Blimey! He showers like a girl! He has been in there for ages!
The Showdown
“What are you doing in here?” He glares at me.
I am going to go out on a limb and say he is not best pleased to see me sitting on his bed.
“Waiting for you to get out of your girly shower.” I glare at him.
“Why are you glaring at me?” he demands.
“Because you piss me off. Why the hell are you ignoring me?” I demand right back.
He breathes a deep sigh and sits down on the bed next to me.
I try in vain not to look too closely at him, maintaining eye contact where possible because he is wrapped just in a wet towel and it is mighty distracting.
“I am not ignoring you, Lilah.”
“I beg to differ.”
He waves his hand at me to shush me.
How very rude.
“I am not ignoring you, Lilah.
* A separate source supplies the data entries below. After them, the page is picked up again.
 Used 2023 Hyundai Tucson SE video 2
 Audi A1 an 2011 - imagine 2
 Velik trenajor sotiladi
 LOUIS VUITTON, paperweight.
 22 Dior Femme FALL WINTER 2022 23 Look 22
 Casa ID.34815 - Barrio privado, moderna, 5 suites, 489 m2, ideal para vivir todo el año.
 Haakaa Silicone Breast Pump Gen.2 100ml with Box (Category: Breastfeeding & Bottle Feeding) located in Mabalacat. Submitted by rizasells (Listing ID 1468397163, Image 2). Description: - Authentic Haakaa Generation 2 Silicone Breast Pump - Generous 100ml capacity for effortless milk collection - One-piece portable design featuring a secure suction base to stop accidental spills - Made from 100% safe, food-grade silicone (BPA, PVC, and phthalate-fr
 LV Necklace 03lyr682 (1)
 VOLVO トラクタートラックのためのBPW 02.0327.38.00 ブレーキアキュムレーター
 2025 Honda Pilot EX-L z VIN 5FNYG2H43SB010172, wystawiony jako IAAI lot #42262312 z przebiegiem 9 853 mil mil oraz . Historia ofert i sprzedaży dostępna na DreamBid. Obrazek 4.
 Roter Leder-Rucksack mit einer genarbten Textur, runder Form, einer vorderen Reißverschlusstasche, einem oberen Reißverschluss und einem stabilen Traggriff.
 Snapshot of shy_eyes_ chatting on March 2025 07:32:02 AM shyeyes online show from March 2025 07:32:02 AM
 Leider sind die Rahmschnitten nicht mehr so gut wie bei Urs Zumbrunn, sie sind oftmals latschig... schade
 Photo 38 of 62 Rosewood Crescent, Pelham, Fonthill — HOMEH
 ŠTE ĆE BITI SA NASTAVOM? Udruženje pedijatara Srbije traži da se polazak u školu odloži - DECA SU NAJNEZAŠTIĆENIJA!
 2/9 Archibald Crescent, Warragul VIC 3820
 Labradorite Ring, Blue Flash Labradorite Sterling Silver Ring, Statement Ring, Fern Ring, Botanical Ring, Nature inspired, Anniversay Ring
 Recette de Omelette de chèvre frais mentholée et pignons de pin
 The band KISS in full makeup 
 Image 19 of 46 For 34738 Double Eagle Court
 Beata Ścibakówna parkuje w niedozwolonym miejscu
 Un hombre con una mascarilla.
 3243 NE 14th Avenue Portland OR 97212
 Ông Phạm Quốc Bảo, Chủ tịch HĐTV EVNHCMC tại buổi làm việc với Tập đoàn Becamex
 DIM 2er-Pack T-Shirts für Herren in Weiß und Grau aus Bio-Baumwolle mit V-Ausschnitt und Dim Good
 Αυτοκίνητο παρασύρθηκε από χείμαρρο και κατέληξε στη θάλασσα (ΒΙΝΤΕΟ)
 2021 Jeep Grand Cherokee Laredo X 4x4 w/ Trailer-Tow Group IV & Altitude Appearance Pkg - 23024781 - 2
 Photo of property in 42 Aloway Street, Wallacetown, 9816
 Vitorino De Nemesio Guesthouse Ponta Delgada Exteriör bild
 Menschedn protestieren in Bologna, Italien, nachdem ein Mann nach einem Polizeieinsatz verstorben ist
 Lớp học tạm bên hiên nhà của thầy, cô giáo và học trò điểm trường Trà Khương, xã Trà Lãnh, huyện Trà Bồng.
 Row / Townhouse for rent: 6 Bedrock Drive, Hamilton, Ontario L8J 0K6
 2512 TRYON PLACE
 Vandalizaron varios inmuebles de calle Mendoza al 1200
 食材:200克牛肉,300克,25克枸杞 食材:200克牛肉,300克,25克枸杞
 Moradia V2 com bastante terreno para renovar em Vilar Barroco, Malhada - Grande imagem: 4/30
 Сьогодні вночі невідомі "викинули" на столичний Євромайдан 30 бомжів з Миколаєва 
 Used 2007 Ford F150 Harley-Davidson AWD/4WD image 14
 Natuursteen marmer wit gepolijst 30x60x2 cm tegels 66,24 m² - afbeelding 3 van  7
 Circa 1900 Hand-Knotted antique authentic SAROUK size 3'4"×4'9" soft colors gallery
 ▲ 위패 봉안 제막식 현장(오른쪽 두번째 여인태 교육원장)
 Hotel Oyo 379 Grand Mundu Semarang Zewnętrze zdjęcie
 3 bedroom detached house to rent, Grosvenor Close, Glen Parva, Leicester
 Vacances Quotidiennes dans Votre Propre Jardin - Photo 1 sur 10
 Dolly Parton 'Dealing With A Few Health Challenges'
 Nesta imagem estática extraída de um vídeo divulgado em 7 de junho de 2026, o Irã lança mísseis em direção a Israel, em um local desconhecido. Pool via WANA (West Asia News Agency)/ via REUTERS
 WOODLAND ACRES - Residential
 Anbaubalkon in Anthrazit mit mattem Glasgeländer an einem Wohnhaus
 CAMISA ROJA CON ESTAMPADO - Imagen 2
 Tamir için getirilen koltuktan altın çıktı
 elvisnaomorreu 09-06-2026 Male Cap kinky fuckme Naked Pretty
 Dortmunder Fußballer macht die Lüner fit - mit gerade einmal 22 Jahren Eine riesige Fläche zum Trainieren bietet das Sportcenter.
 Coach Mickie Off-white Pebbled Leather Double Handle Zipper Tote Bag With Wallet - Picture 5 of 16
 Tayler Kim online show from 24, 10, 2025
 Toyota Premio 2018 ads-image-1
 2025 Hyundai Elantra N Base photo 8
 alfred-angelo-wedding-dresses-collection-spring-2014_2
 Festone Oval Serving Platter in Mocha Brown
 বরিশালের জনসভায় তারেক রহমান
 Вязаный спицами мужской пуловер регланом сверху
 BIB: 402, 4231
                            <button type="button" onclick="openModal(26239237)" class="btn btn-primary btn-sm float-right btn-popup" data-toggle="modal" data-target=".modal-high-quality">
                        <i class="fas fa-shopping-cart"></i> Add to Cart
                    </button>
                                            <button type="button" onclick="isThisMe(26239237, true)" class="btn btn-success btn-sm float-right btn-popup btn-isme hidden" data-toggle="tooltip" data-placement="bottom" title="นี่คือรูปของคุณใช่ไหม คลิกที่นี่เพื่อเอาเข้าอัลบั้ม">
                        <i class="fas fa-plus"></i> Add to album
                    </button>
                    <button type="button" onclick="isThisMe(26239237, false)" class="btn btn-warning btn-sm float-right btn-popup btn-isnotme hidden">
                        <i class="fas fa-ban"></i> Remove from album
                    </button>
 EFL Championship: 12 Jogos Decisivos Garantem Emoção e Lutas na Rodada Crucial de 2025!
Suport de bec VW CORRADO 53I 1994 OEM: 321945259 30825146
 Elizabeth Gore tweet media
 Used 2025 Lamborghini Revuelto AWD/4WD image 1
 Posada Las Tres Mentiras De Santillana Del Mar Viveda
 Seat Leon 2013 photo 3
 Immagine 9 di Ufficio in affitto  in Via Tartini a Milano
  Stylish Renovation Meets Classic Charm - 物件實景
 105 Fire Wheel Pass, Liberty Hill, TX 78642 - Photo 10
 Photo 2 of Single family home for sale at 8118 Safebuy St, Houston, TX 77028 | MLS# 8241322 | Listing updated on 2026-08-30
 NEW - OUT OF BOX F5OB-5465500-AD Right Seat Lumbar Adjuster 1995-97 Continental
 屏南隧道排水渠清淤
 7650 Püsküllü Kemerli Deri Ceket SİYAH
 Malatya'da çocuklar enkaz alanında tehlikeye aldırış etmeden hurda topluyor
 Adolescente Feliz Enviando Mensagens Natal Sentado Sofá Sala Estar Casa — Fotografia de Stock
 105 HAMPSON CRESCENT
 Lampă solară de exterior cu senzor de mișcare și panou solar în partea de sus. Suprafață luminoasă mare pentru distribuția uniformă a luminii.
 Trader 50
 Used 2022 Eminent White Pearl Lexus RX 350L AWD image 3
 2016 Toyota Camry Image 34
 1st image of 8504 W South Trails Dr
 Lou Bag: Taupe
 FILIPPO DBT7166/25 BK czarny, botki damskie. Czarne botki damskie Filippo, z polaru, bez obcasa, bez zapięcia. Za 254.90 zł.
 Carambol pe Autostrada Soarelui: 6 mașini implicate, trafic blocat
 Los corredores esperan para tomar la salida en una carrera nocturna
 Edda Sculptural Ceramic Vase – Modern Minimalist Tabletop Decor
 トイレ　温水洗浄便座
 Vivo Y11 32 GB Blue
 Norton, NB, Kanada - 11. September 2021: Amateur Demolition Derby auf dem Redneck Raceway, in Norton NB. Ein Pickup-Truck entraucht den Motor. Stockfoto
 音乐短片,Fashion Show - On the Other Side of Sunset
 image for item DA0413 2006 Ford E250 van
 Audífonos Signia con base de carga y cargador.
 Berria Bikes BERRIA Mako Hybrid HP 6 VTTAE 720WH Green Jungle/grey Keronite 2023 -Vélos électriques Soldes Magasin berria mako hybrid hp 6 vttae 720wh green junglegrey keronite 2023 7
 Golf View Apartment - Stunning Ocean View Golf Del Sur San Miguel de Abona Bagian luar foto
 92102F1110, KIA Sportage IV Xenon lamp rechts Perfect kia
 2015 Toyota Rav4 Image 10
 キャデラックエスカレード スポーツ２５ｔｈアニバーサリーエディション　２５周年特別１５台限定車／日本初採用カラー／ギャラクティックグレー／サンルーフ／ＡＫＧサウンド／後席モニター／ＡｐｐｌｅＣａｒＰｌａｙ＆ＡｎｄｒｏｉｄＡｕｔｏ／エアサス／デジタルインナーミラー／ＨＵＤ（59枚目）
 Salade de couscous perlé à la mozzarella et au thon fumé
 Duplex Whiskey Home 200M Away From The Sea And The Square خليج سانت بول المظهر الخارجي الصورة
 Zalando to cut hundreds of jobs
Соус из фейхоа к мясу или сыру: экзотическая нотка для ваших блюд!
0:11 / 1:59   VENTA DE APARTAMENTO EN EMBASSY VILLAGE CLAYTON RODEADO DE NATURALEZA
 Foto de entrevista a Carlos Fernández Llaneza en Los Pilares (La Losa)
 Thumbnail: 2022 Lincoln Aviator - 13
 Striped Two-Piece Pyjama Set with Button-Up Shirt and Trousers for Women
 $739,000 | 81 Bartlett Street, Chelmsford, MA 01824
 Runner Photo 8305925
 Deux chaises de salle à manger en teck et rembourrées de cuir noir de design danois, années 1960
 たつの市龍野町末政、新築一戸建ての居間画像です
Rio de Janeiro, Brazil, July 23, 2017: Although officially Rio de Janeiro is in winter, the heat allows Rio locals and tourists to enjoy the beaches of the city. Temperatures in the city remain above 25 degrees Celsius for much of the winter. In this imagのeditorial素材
I just don’t know how much more of this I can take.”
“What you are talking about? I thought things were okay between us.”
“Yeah, they were until you did the whole self-sacrificing thing with your dad the other day. Now I am not so sure.”
“What do you mean ‘not so sure’? I don’t get it. I am just trying to help Tristan.”
“Yes, Lilah, but did you ever stop to think that maybe you don’t have to help and save people all the time?” He runs a hand through his wet hair.
I have nothing to say to this.
“Tristan is a big boy, Lilah. Big enough to get a girl pregnant, and he can deal with this.”
“How? He does not even have a job and Dad was threatening to sell the flat.”
He looks at me like I am mad. “Do you honestly think your brother doesn't have a job?” he asks, sounding incredulous.
“What do you mean? I know he doesn’t have one. Remember, I just spent December with him. He hangs around the whole time working out how to spend Dad’s money.”
“What? No, he doesn’t! He writes articles, lifestyle ones, which magazines pay lots of money for. You just never bothered to ask him what he does.”
Pardon? My mouth falls open to the floor. My waste of space brother actually writes for a living? I did not even know he owned a computer. I can’t believe it, and I can’t prevent the stab of jealousy that hits me when I realise he actually has my perfect job.
It strikes me that I have just played right back into my darling father's hands—again.
Shit.
Ben’s eyes grow wide as he realises I really didn’t know. “So do you see why I am annoyed? I thought that you would be here next year, that I would be able to come and find you again, that maybe if I gave you some space, by the time I got back you might be ready to actually tell me that you are in fact in love me and want to be with me. Instead, you won’t be here. You'll back to pretending to enjoy a life that you hate, just like the first time I ever saw you.”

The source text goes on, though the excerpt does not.